» **Your objective**
Leaving all pictures out, output exactly and only the line containing "Pemudik yang menggunakan" and the lines that follow it to the end of the material below.
● ● ● ● ● ● ●
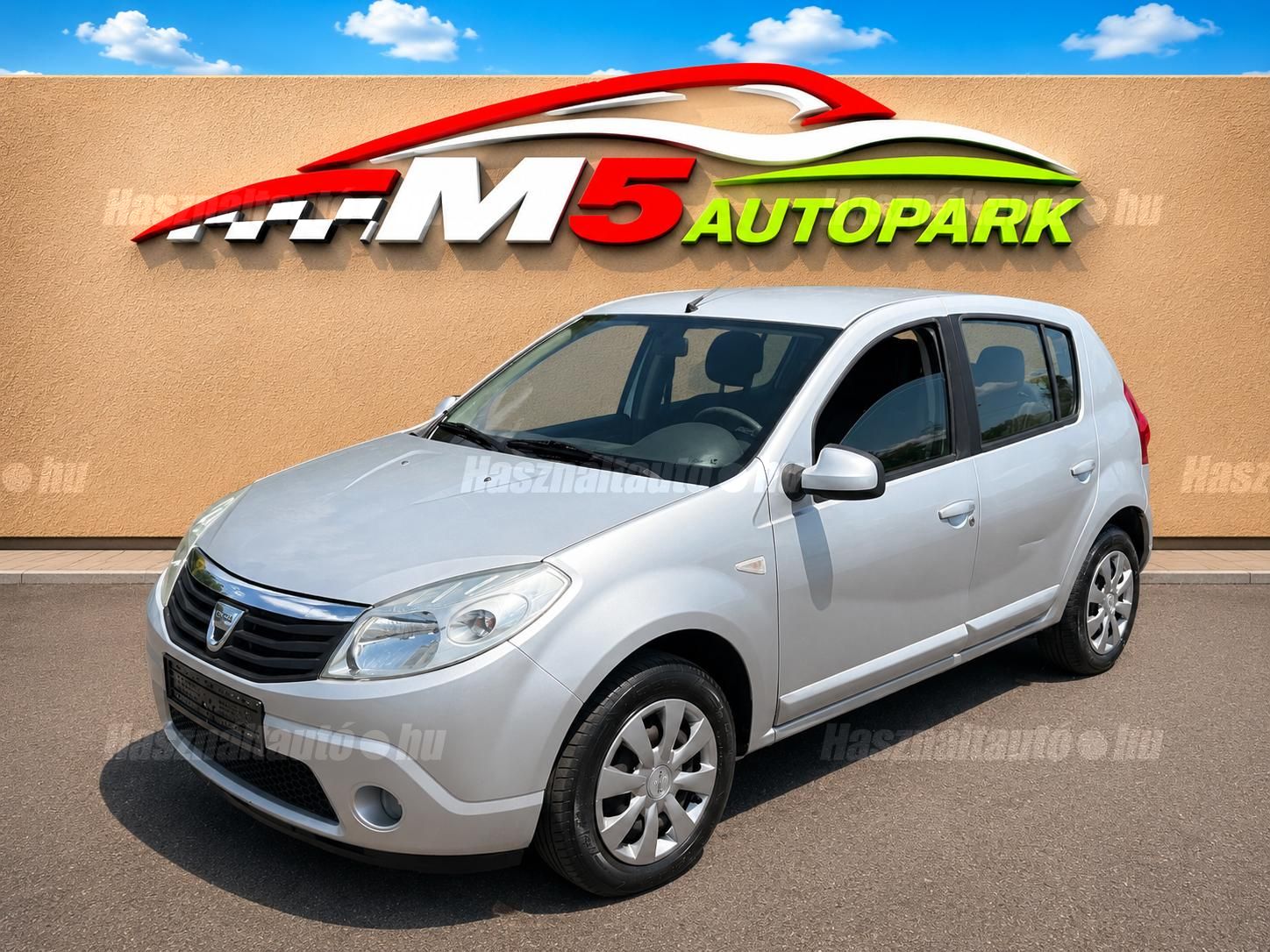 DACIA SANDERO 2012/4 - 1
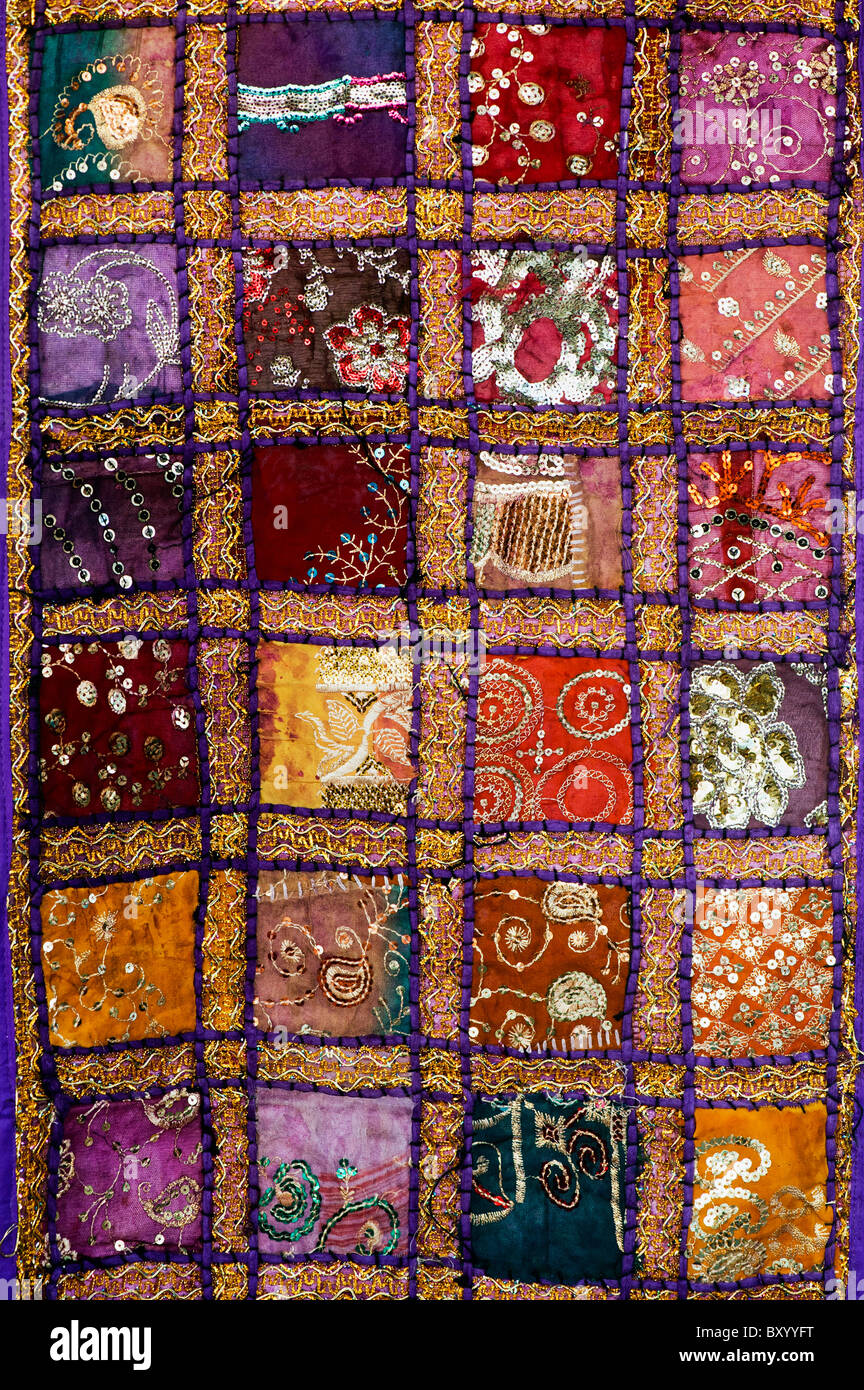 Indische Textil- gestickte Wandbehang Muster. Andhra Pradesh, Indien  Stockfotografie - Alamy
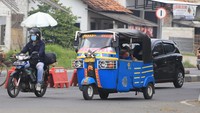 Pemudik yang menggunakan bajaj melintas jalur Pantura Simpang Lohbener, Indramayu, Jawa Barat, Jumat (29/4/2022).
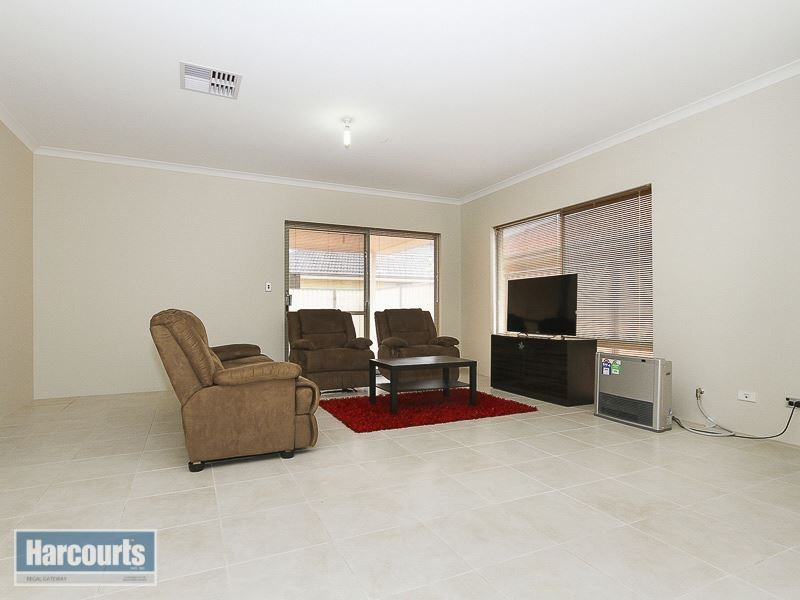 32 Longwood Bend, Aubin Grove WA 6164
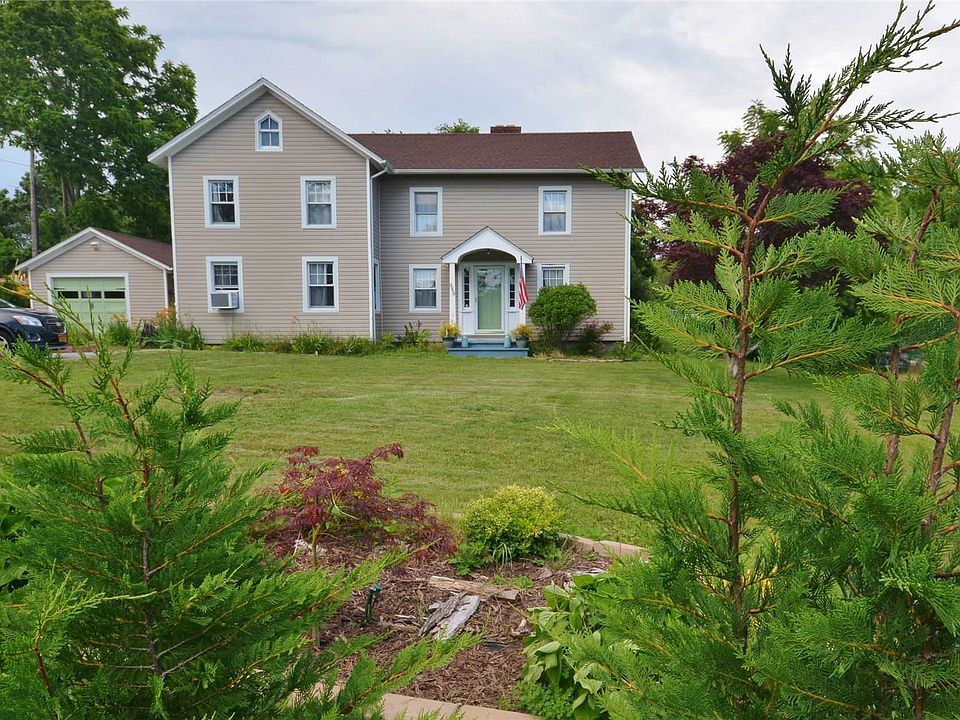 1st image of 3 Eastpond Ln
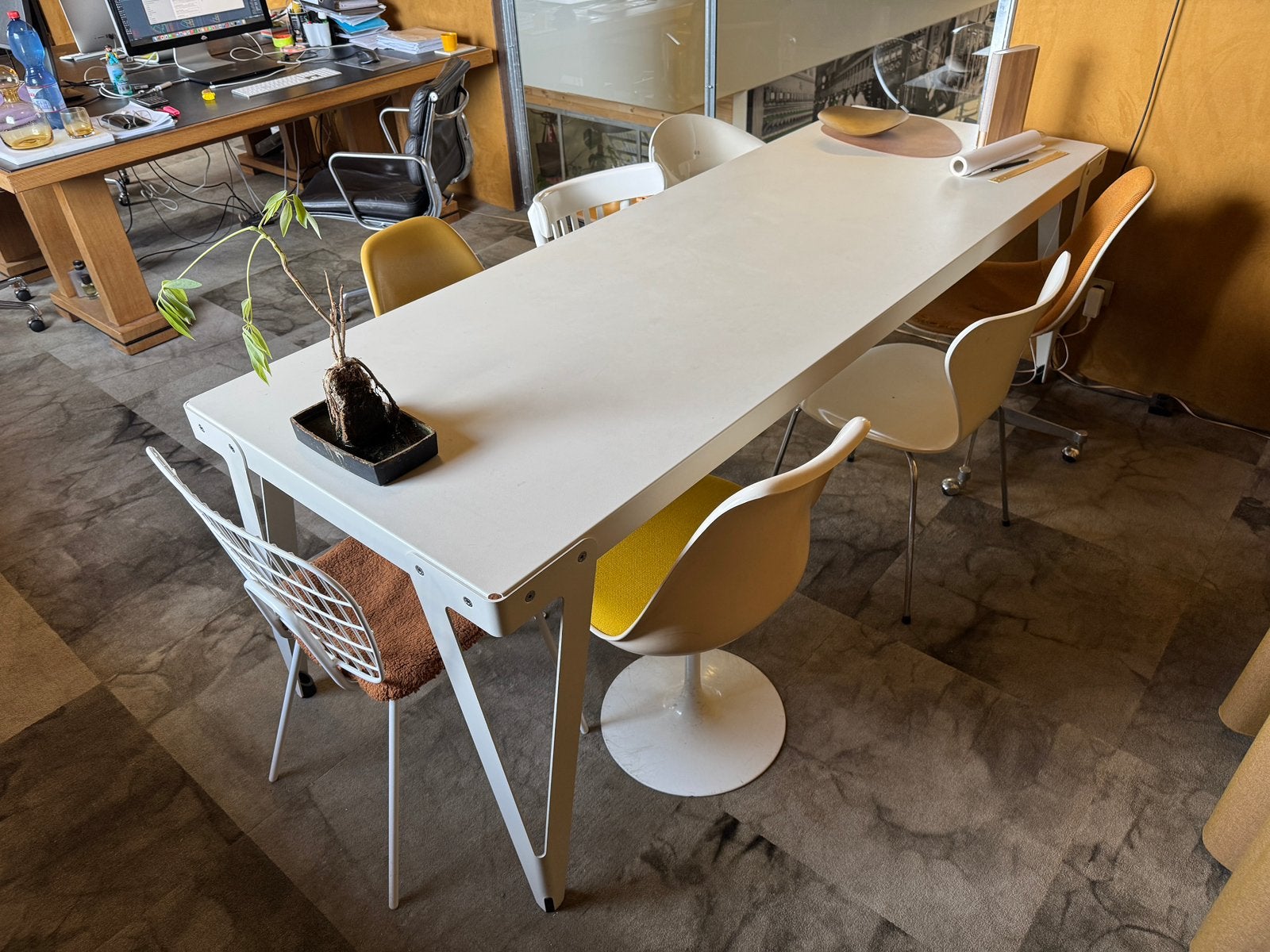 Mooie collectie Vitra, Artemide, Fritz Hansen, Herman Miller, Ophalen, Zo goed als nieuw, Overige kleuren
● ● ● ● ● ● ●
» **Problem solution**
 Pemudik yang menggunakan bajaj melintas jalur Pantura Simpang Lohbener, Indramayu, Jawa Barat, Jumat (29/4/2022).
 32 Longwood Bend, Aubin Grove WA 6164
 1st image of 3 Eastpond Ln
 Mooie collectie Vitra, Artemide, Fritz Hansen, Herman Miller, Ophalen, Zo goed als nieuw, Overige kleuren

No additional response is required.